しかしながら、前記酸化セルロースナノファイバーの水分散液(以下、「酸化セルロースナノファイバー分散体」、又は「セルロースナノファイバー分散体」と称することがある)は、固形分濃度が0.1質量%〜5質量%と非常に低い。そのため、酸化セルロースナノファイバーを用いた製品を製造するために用いる前記酸化セルロースナノファイバー分散体を輸送する際には、大量の水を運ぶこととなり輸送に係る費用が高いという問題がある。また、前記酸化セルロースナノファイバー分散体を保存する際には、微生物対策として、冷蔵保存をしたり、防腐剤処理を行ったりしなければならないという問題もある。

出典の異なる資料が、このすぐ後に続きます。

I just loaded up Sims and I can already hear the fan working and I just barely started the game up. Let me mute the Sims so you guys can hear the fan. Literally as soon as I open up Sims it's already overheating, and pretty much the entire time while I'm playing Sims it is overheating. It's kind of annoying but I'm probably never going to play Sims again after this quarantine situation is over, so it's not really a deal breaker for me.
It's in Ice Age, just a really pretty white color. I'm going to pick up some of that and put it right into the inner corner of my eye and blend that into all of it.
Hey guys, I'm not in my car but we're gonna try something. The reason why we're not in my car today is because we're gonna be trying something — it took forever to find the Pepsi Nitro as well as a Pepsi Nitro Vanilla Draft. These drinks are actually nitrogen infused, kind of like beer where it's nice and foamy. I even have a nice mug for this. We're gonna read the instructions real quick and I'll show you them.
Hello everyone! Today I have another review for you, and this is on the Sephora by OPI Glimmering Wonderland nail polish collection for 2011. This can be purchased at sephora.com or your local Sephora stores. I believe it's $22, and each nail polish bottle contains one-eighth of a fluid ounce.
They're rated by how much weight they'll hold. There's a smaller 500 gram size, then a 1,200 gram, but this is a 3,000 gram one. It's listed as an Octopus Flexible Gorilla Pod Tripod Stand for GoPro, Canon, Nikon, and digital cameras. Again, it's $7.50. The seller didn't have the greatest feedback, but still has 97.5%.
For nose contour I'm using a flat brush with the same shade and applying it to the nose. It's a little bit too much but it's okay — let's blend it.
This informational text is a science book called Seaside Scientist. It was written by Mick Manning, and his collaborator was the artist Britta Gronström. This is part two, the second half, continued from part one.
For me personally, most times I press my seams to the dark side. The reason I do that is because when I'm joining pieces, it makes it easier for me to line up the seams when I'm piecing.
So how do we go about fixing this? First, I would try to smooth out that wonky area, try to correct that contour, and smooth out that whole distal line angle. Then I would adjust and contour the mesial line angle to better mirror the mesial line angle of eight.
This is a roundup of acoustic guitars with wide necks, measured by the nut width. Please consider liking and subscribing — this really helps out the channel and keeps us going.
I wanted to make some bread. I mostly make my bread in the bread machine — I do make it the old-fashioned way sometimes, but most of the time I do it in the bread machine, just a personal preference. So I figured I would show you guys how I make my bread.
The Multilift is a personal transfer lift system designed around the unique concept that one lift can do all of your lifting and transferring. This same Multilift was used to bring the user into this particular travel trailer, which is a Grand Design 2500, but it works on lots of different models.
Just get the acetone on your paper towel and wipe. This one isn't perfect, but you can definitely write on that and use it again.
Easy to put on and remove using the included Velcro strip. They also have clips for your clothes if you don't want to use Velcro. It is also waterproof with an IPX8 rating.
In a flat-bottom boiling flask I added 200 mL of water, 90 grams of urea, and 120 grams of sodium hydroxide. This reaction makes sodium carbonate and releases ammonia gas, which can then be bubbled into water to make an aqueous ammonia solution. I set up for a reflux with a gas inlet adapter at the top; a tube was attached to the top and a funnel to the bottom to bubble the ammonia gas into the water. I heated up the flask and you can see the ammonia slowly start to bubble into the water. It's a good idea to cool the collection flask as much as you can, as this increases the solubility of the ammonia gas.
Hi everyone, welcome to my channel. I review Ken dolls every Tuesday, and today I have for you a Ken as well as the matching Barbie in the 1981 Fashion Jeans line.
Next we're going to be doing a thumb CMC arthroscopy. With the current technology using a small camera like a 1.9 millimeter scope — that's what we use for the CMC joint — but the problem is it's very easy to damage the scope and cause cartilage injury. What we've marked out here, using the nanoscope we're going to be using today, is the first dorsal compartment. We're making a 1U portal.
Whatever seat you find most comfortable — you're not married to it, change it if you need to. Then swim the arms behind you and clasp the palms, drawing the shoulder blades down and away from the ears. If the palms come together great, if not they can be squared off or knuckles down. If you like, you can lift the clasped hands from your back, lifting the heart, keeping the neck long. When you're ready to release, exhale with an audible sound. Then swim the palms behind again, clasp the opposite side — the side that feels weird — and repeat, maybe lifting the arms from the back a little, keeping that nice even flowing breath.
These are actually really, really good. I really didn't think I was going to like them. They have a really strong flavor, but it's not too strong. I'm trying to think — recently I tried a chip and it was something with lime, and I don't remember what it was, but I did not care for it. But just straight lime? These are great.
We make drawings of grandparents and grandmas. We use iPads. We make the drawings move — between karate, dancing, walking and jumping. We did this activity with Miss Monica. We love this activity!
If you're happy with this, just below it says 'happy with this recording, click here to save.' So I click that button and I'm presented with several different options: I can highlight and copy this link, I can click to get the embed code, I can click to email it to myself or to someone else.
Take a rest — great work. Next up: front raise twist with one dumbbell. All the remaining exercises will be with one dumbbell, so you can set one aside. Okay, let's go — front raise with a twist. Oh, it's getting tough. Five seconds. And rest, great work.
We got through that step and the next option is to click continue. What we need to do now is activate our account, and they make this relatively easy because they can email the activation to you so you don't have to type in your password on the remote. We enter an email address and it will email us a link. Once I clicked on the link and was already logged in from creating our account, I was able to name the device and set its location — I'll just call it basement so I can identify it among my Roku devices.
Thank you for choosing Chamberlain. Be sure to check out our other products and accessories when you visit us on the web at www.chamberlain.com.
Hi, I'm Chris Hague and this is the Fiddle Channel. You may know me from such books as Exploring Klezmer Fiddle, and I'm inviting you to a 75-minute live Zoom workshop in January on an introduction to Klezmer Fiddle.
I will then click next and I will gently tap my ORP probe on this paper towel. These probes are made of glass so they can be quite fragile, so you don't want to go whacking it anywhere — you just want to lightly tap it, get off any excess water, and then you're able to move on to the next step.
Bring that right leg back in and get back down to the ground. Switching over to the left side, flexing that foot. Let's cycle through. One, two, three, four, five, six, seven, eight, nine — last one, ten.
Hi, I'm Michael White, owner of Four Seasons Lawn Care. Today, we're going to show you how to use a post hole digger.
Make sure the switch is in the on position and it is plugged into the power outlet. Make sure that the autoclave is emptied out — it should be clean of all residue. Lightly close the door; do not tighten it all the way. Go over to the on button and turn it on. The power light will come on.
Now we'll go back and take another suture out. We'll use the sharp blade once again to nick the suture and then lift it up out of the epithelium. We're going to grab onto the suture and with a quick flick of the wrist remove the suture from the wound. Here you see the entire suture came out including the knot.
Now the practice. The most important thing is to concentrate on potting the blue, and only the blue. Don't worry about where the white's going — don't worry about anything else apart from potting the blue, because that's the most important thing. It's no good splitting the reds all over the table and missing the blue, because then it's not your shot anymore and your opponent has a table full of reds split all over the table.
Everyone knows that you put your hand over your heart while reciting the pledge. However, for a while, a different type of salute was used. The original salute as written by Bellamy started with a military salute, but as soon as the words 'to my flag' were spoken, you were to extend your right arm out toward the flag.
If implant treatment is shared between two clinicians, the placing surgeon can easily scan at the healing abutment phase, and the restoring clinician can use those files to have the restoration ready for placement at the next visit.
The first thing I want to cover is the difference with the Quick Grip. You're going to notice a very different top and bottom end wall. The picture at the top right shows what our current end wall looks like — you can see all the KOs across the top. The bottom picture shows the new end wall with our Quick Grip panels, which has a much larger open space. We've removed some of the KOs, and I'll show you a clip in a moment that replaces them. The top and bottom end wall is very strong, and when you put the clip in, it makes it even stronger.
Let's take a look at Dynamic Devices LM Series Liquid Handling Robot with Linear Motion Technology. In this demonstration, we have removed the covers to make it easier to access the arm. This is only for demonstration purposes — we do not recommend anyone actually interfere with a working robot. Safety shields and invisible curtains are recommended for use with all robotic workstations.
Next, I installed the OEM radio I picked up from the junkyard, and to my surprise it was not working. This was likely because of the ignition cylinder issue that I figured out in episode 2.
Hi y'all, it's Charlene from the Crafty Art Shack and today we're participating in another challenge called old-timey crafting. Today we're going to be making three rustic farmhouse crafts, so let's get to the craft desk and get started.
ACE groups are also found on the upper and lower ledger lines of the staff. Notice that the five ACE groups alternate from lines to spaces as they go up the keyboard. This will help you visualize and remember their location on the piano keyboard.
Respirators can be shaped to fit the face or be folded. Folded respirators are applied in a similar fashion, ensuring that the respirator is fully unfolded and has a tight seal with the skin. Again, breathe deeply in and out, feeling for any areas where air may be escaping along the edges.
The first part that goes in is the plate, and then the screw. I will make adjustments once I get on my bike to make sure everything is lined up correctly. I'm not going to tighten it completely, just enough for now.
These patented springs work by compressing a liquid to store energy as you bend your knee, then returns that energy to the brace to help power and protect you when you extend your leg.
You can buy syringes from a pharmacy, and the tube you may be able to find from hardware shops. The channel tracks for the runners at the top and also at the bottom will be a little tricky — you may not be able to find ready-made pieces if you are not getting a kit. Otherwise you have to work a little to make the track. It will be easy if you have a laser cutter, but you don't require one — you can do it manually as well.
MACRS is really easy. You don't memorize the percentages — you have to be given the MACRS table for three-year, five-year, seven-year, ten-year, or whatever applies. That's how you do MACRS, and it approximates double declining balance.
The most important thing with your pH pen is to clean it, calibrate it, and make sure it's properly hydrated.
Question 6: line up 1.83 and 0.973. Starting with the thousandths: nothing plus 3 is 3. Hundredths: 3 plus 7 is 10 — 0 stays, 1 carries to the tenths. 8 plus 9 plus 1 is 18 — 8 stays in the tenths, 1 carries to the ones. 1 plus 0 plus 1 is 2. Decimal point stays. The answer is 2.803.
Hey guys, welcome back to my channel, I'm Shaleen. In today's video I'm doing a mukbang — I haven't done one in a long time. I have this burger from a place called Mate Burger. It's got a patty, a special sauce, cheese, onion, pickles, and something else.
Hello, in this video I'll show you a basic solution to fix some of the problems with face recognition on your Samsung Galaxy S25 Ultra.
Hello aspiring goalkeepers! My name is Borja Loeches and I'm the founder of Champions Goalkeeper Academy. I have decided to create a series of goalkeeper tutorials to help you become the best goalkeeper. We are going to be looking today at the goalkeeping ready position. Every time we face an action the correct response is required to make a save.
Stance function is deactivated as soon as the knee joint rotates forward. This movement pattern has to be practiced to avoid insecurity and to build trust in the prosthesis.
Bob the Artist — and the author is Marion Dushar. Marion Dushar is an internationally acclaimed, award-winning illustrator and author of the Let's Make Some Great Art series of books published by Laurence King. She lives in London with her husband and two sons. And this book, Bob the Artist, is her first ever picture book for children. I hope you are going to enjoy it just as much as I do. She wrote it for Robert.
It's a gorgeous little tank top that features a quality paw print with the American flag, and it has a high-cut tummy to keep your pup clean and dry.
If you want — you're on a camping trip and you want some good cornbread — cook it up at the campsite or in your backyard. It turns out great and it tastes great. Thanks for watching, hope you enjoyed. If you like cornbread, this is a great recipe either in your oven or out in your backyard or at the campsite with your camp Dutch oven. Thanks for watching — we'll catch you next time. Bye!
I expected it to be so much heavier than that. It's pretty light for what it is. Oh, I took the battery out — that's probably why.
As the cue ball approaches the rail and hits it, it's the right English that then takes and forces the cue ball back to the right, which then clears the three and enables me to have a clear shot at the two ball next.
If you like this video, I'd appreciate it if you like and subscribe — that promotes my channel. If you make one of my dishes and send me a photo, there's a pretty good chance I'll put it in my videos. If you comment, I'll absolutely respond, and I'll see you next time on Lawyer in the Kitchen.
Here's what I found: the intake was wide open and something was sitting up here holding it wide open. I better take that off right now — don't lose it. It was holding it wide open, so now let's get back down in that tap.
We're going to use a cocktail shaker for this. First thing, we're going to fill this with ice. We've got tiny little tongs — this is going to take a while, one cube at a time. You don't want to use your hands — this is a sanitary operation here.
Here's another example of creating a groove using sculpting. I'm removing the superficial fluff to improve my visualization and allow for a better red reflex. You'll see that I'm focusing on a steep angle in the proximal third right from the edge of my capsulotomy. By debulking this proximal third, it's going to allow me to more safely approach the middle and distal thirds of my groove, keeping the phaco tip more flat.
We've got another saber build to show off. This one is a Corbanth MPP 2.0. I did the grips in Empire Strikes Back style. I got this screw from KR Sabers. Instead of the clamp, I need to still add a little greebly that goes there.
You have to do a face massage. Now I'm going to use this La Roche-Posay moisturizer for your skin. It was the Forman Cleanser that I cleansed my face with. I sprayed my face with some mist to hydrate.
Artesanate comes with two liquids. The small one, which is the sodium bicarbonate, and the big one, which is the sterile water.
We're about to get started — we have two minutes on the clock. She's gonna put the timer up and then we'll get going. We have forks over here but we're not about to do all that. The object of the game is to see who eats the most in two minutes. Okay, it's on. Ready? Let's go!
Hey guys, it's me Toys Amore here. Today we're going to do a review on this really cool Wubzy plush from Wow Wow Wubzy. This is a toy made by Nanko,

前記問題への対応策としては、前記酸化セルロース繊維を乾燥させ、固形分濃度を90%以上に高めたものを輸送することが考えられる。しかしながら、凍結乾燥などの穏やかな乾燥方法を用いた場合であっても、一旦乾燥してしまうと、過酷な分散処理条件を行ってもセルロースナノファイバー分散体を製造することができないという問題がある。
前記ナノ分散ができないと、前記酸化セルロースナノファイバーの均一超極細幅、高アスペクト比、ゲル及びフィルムの透明性という素材としての特徴は発現しないという問題がある。
別の対応策としては、解繊し、ナノ分散処理する前の繊維状の酸化セルロース(幅が0.01mm〜0.06mm、長さが0.1mm〜5mmで、酸化処理前の木材セルロース繊維と同じ形状を保っている)を、洗浄及びろ過工程で圧搾し、固形分濃度を10%〜40%程度に上げた(すなわち水を90%〜60%含有した)未乾燥の状態で保存、運搬することが考えられる。前記未乾燥状態の酸化セルロースであれば、水中での解繊処理で常にセルロースナノファイバー分散体を製造することができる。しかし、未乾燥状態でも依然として水分量は多く、輸送にかかる費用が高いという問題や、保存中の防腐対策が必要という問題がある。
また、これまでに、水への再分散が容易である増粘用セルロース繊維の製法として、酸化後のセルロースを、水以外の極性溶媒を50〜75%含有する水性洗浄液を用い、かつpH5.5以上の条件下で精製後、乾燥させる方法が提案されている(例えば、特許文献2参照)。しかしながら、前記提案で得られる増粘用セルロース繊維は、分散液の透明度が低く、十分に分散できているとはいえず、また、極性溶媒を用いて洗浄及び乾燥を繰り返し行うことは、環境負荷の観点や、コスト面から実用化に適しているとはいえないという問題がある。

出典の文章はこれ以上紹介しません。